The operations of process plants have been leveraged by the availability of analytical methods, for example, through the use of laboratory measurements or online analyzers. These types of results are valued by plant operations because they are typically regarded as reliable. For example, with respect to hydrocarbon and/or refining operations, primary test methods (PTMs) provide a critical basis for custody transfer of products whose properties have been ascertained in accordance with industry standard test methods such as those developed and promulgated by ASTM International.
Notwithstanding the importance of these PTMs, they do suffer from certain inadequacies. For example, laboratory measurements typically may be available only once or several times per day. Furthermore, several hours can elapse between the obtaining of a discrete sample and the reporting of results from tests performed on it, severely limiting the possibility to control the process on the basis of those results. Additionally, sample stability, sample contamination, issues of representative sampling, and uncertainty associated with the execution of test procedures may result in erroneous sample values being returned.

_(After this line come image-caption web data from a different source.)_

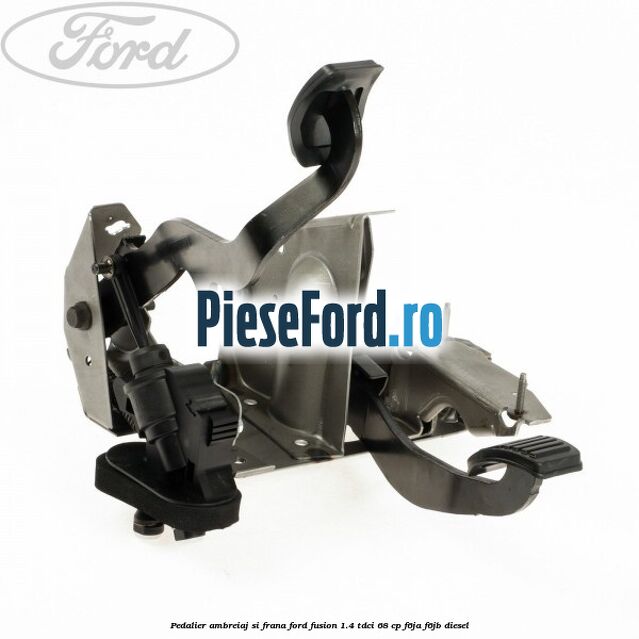 Pedalier ambreiaj si frana Ford Fusion 1.4 TDCi 68 cp Pedalier ambreiaj si frana Ford Fusion 1.4 TDCi 68 cp F6JA, F6JB diesel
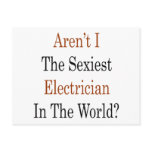Aren't I The Sexiest Electrician In The World Post Cards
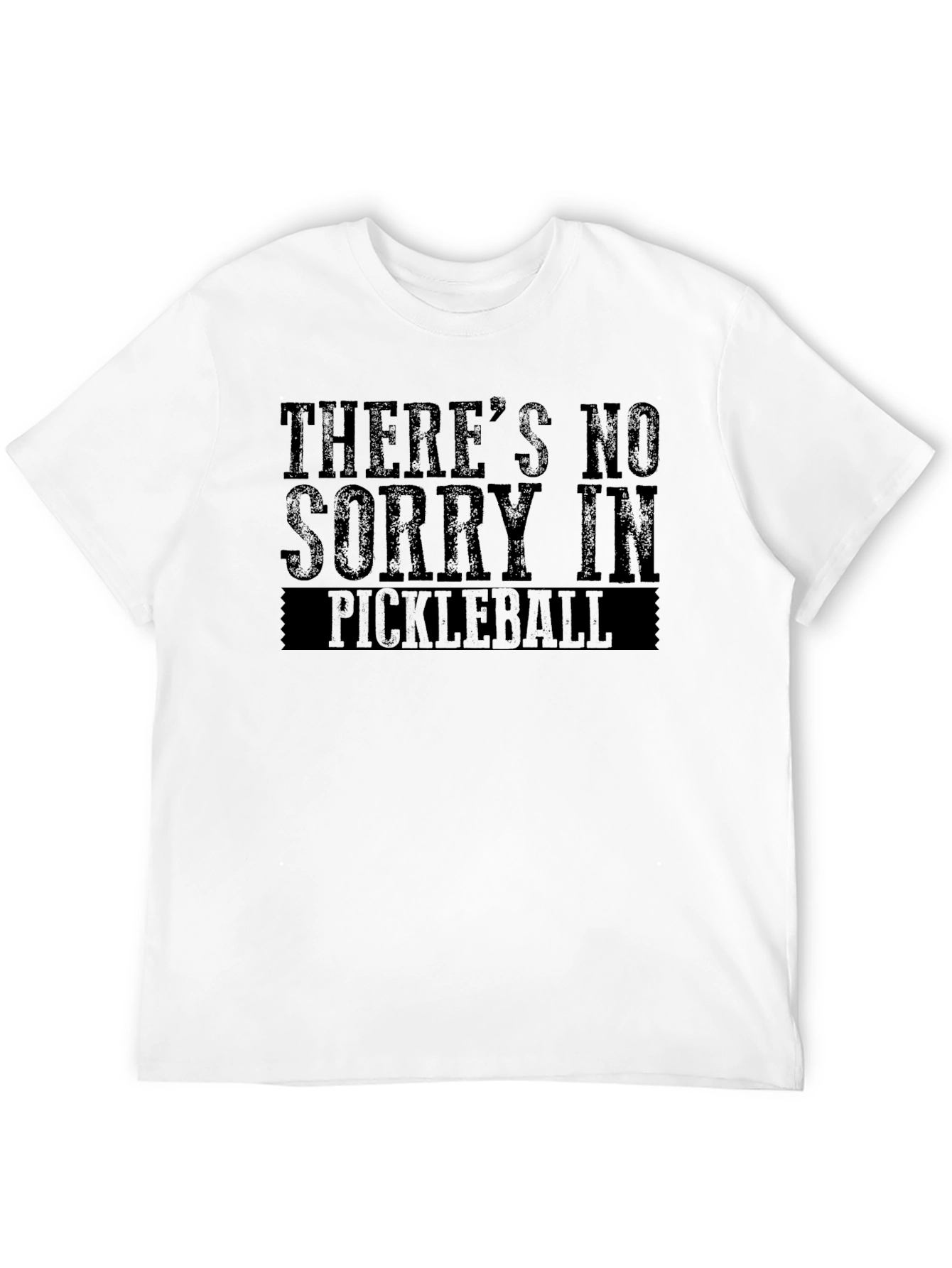 Theres No Sorry in Pickleball T-Shirt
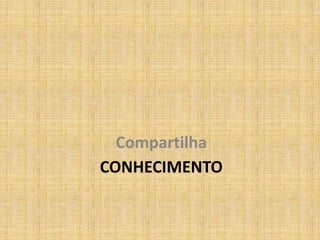 Compartilha
CONHECIMENTO
 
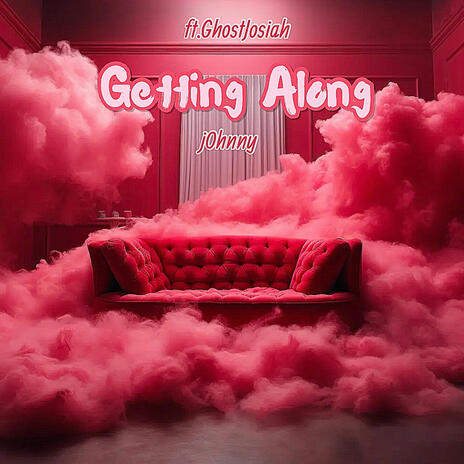 Getting Along ft. Ghost Josiah | Boomplay Music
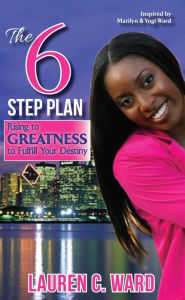Title: The 6-Step Plan, Rising to Greatness to Fulfill Your Destiny, Author: Lauren C. Ward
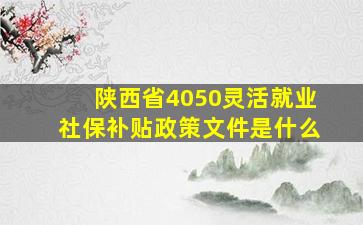 陕西省4050灵活就业社保补贴政策文件是什么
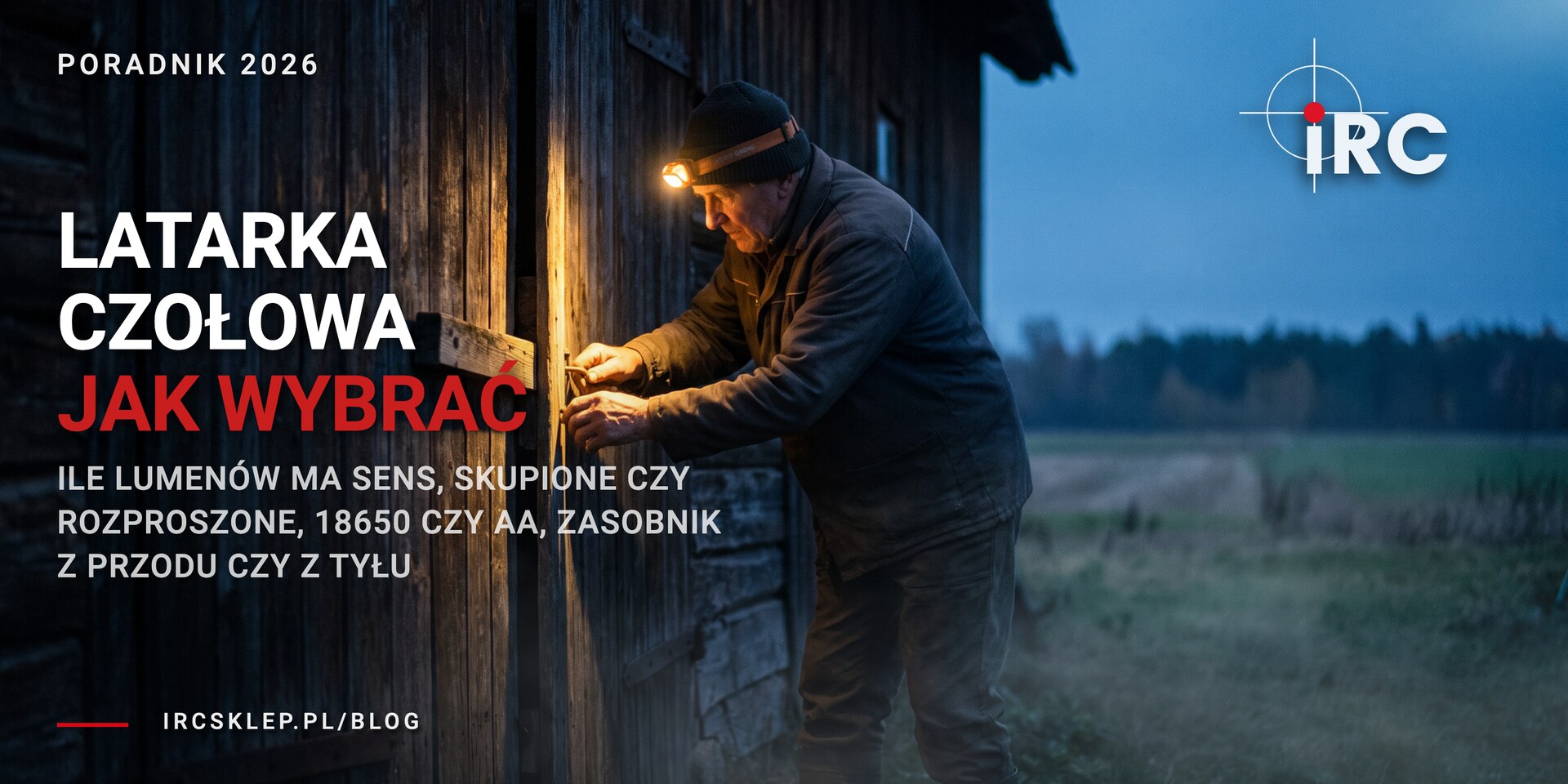 Latarka czołowa: jak wybrać czołówkę Fenix HL, HM, HP
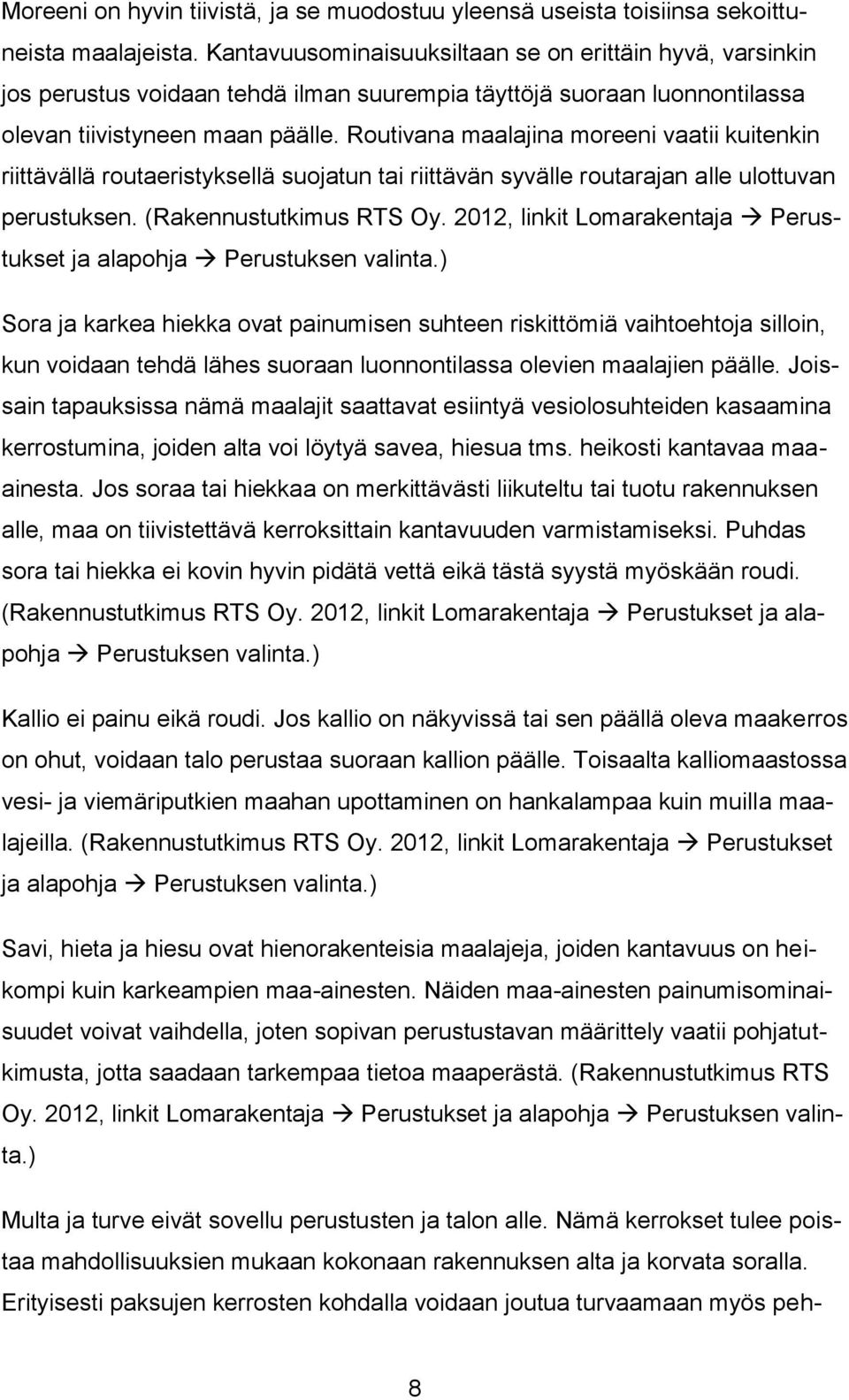 Routivana maalajina moreeni vaatii kuitenkin riittävällä routaeristyksellä suojatun tai riittävän syvälle routarajan alle ulottuvan perustuksen. (Rakennustutkimus RTS Oy.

Improving the availability, integrity, and reproducibility of test data has in many cases motivated the on-line deployment of measurements. Yet, depending upon the type of measurement and analysis being performed, the cycle time for online analyzers may be on the order of ten or more minutes and, in some cases, up to and over one hour, which, in some cases, may still be inadequate for purposes of maximizing process efficiency or product quality.
Process industries have conventionally responded to the time delay issues and reliability of primary measurements by instituting secondary measurement techniques capable of predicting properties of certain process streams. Such secondary techniques commonly have included the use of some form of model, for example, multivariate statistical models capable of predicting certain properties of interest using process inputs, in which the properties of interest may be termed “dependent variables” and the process inputs may be termed “independent variables.”
An important class of these model-based approaches is “inferential analyzers,” also referred to as “soft sensors” because they typically reside in software. Soft sensors are appealing for at least two reasons. First, many times they do not require the installation of additional sensors in the process unit because they typically rely upon measurements such as temperature, pressure, and flow rate, which may already be available. Second, with the advent of distributed control systems, the input measurements typically relied upon by soft sensors are substantially available in real-time, having discrete sampling rates of one second or even less. These advantages at least address the disadvantage of time delay associated with primary measurements by providing property predictions at intervals that are greater than those typically required by process control systems. Additionally, they obviate the need to physically obtain a sample, eliminating the issues of representative sampling and sample integrity.
While the fidelity of these models may be quite good over limited time periods ranging from a few hours to even perhaps a few days, conventional inferential analyzers tend to be insufficiently robust because in aggregate the independent variables that serve as inputs into the model typically relate to the chemistry of the process stream both indirectly and incompletely. They are indirect expressions of the chemistry to the extent that the readings of sensors on the process are functions of both process conditions and material in the process; they are incomplete insofar as the number of independent variables used in the models is fewer than the degrees of freedom in the system, which relate to both the process system and the material being processed through it. But an exception may occur when steady-state or quasi-steady-state conditions prevail and many process and stream variables are nominally constant, e.g. when feed quality and the operation of the process system are substantially invariant. At such times, the independent variables may “determine” stream chemistry in the mathematical sense, and property predictions by an inferential analyzer may be extremely reliable. Yet, a fundamental issue is that models generally are correlative, and because correlation does not necessarily denote cause, inferential models may be largely empirical, with first principles having only distant influence. Indeed, the literature freely refers to the modeling approach that is perhaps most common as a “black box method.” In summary, property predictions by inferential analyzers are labile to the extent that the effect (a predicted value) is removed from the primary cause (a stream property that ultimately is determined by sample chemistry).
The preceding, general discussion finds specific relevance where the PTM is realized with a “hard” analyzer that measures the vapor pressure of a hydrocarbon sample; the sensor is a spectrometer based on a molecular spectroscopy technique; and the soft (inferential) analyzer is a model applied to the spectrum of the sample measured by the spectrometer. The common practice is to periodically update the model to overcome its inaccuracies resulting from a variety of variables including but not limited to changes in (i) the range of possible feed compositions and properties; (ii) the proportions of feed streams being combined into the product being monitored; and (iii) product property specifications. Yet, model updates are after the fact, typically being done when vapor pressure predictions are shown to be inaccurate. The corollary is that in any given moment, the validity an inferential prediction may be quite uncertain, and may in fact lack the required accuracy.
Even small inaccuracies in knowledge of vapor pressure in hydrocarbon streams can significantly impact the economies of production for large-scale processes similar to those process units found in petroleum refineries and other hydrocarbon processing operations. The need therefore exists in the art for improved methods for achieving and validating vapor pressure measurement with a high degree of accuracy, preferably on-line in substantially real-time, despite the aforementioned changes in operating conditions that can undermine the reliability of current methods, both hard and soft.